[About this task]
All lines of the listing below are to be printed again exactly.

[The data]
BEGIN
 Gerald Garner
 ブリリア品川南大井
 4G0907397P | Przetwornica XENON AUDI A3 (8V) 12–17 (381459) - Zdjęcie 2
END
[Answer section]
 Gerald Garner
 ブリリア品川南大井
 4G0907397P | Przetwornica XENON AUDI A3 (8V) 12–17 (381459) - Zdjęcie 2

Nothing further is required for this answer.